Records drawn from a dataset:

--------------------------------

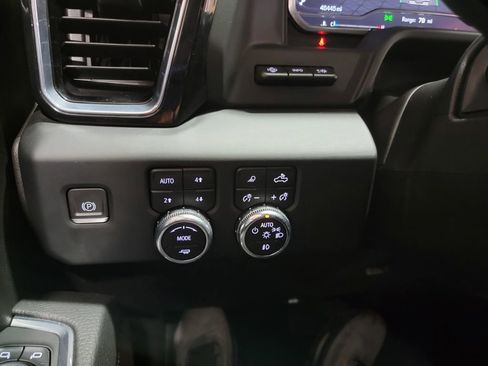 Used 2024 GMC Sierra 3500 Denali w/ Technology Package image 32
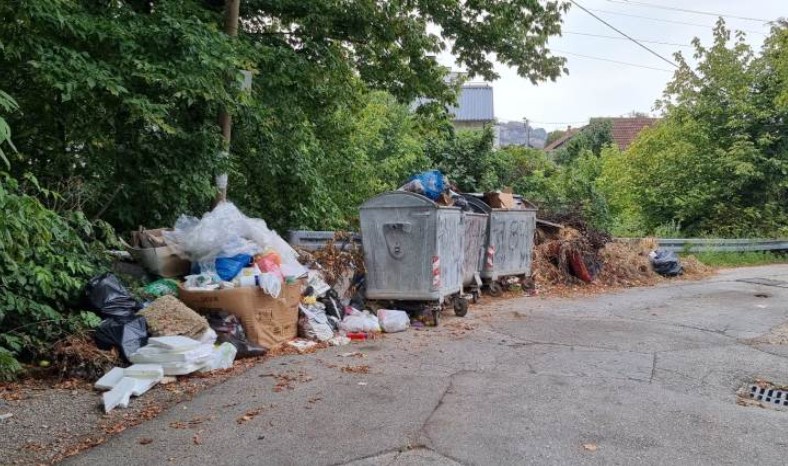 Banjalučani upozoravaju na problem: Ilegalna deponija sve veća, predstavlja prijetnju zdravlju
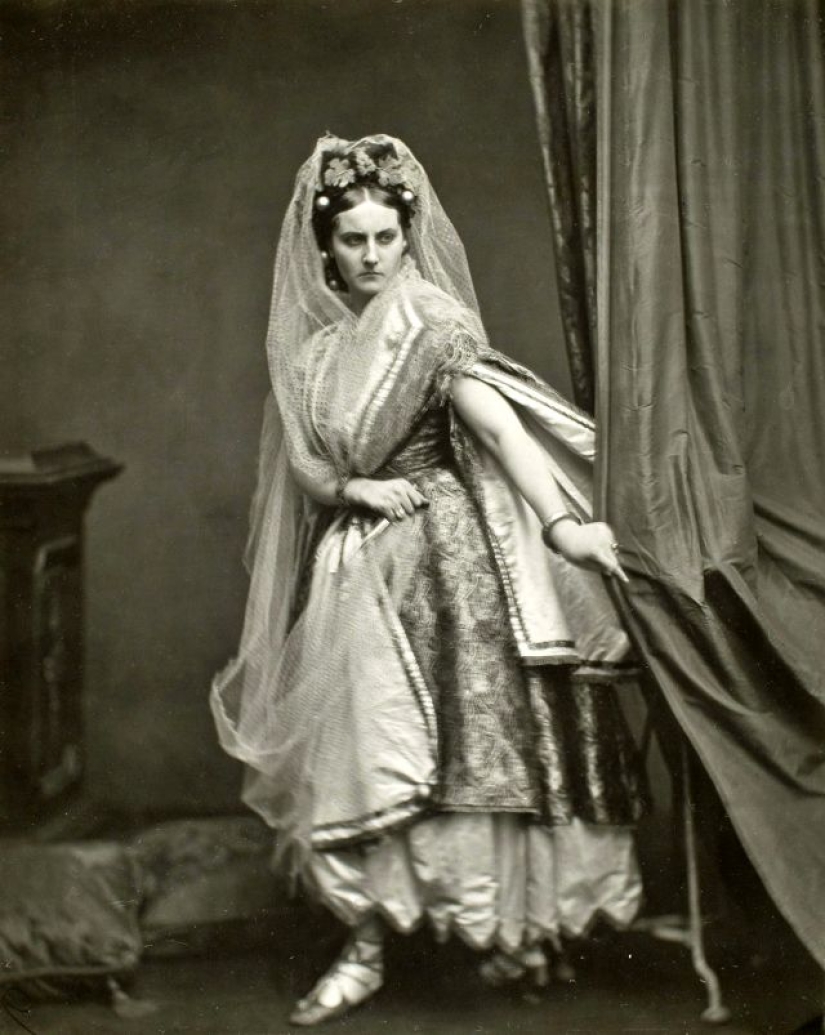 Virginia Oldoini — Countess, mistress of the Emperor and the first model of the XIX century Virginia Oldoini — Countess, mistress of the Emperor and the first model of the XIX century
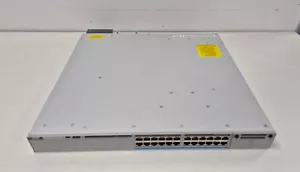 CISCO C9300-24UXB-A. GARANTIE 90 JOURS. LIVRAISON GRATUITE AU ROYAUME-UNI - Photo 1/3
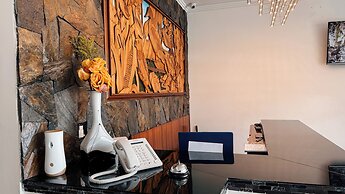 Sanchz Aqua Lounge Hotel by Chat Noir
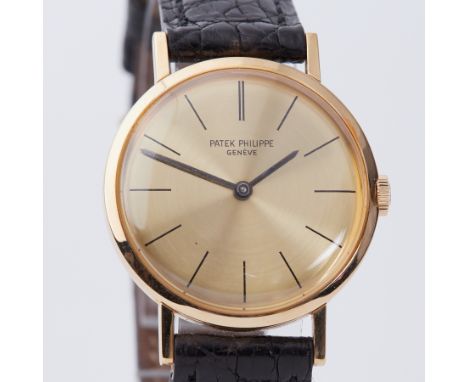 Patek Philippe, a midsize 18ct yellow gold Patek Philippe manual wind wristwatch, champagne baton dial, diameter 28mm, black 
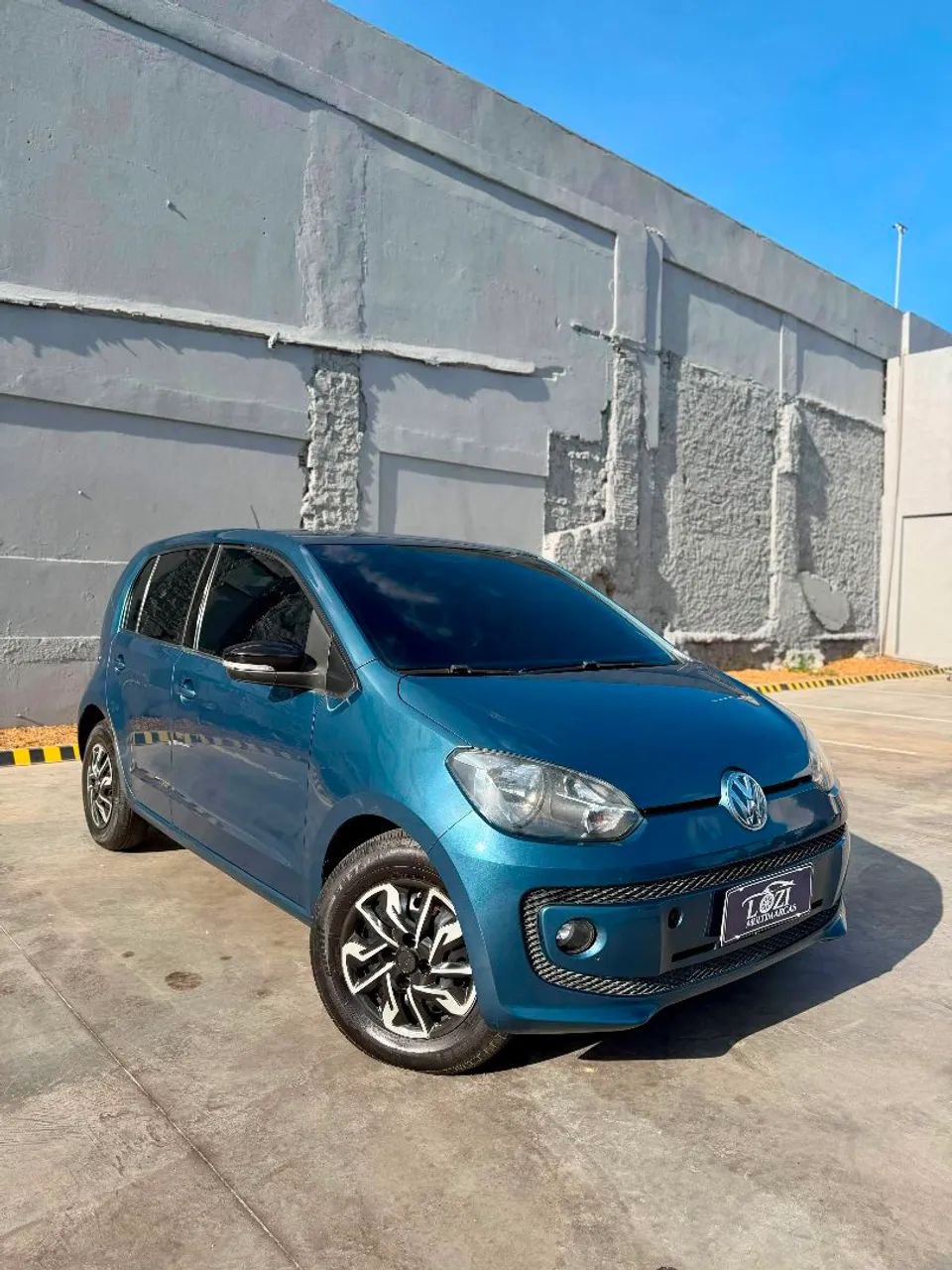 Volkswagen Up! RUN I Motion 1.0 Total Flex 12V 5P 2017 - Foto 4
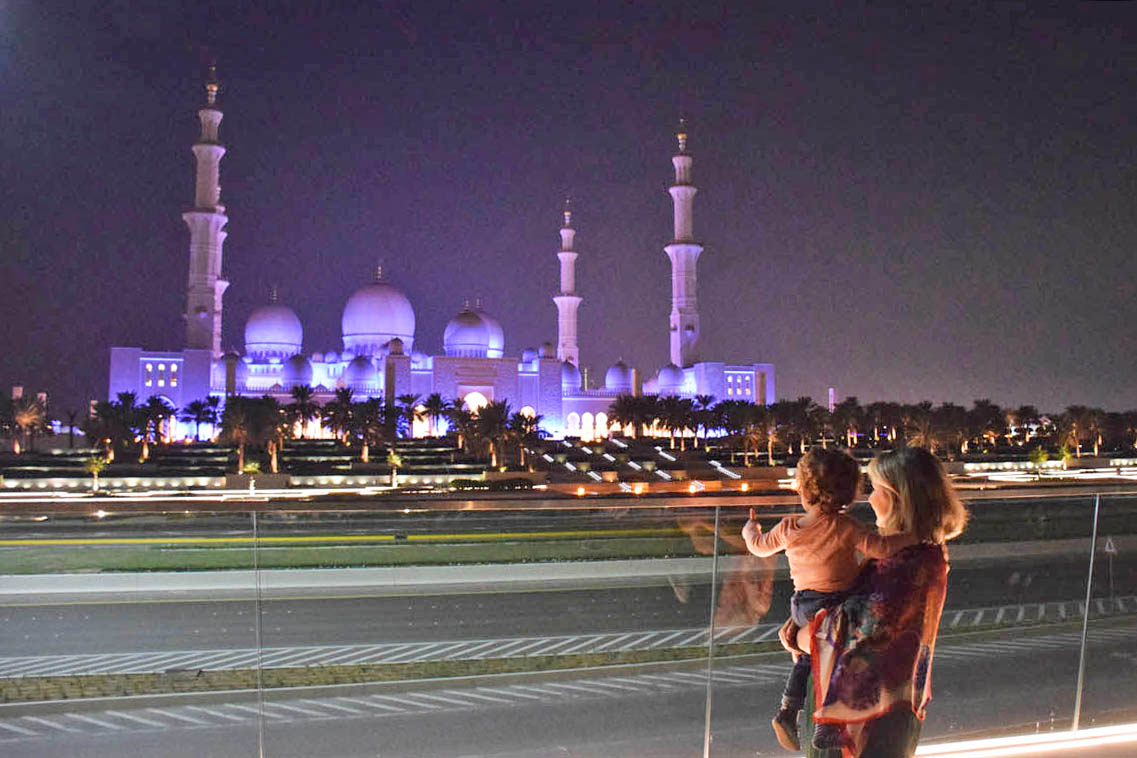 Dicas de Abu Dhabi - Mesquita Sheikh Zayed a noite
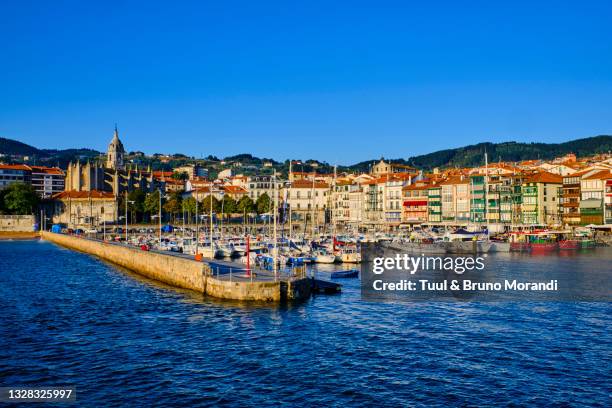 spain, basque country, biscay, lea-artibai, lekeitio - vizcaya province stock pictures, royalty-free photos & images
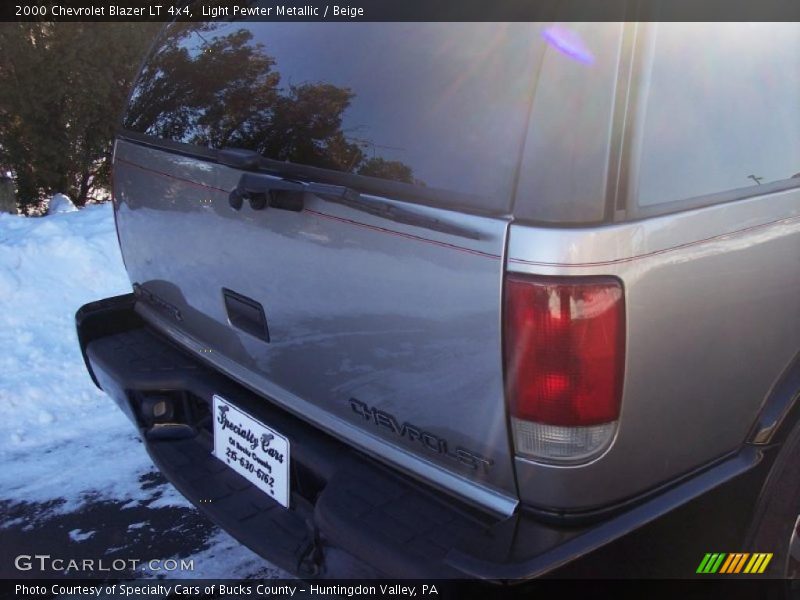 Light Pewter Metallic / Beige 2000 Chevrolet Blazer LT 4x4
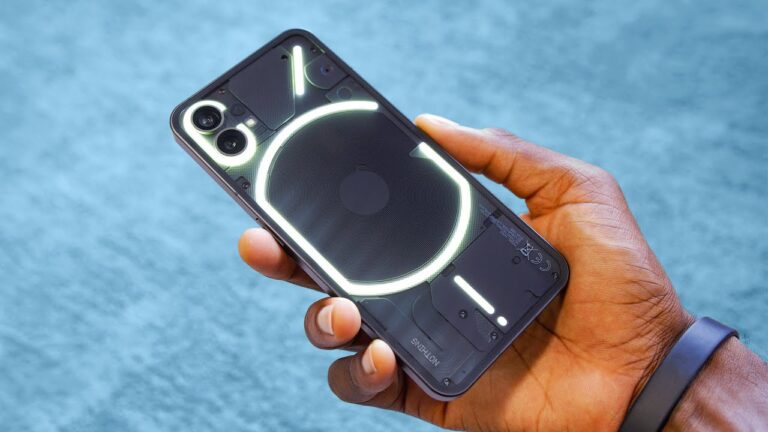 Yeni fiyat/performans kralı Nothing Phone 1, Türkiye’de satışa çıktı: Fiyatı ve özellikleri!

--------------------------------

EXERCISE DIRECTIONS: All lines from the one holding "Sanchz Aqua Lounge Hotel by Chat Noir" through the last line of the records need to be copied exactly, both ends included, and the pictures left behind.

EXERCISE SOLUTION:
 Sanchz Aqua Lounge Hotel by Chat Noir
 Patek Philippe, a midsize 18ct yellow gold Patek Philippe manual wind wristwatch, champagne baton dial, diameter 28mm, black 
 Volkswagen Up! RUN I Motion 1.0 Total Flex 12V 5P 2017 - Foto 4
 Dicas de Abu Dhabi - Mesquita Sheikh Zayed a noite
 spain, basque country, biscay, lea-artibai, lekeitio - vizcaya province stock pictures, royalty-free photos & images
 Light Pewter Metallic / Beige 2000 Chevrolet Blazer LT 4x4
 Yeni fiyat/performans kralı Nothing Phone 1, Türkiye’de satışa çıktı: Fiyatı ve özellikleri!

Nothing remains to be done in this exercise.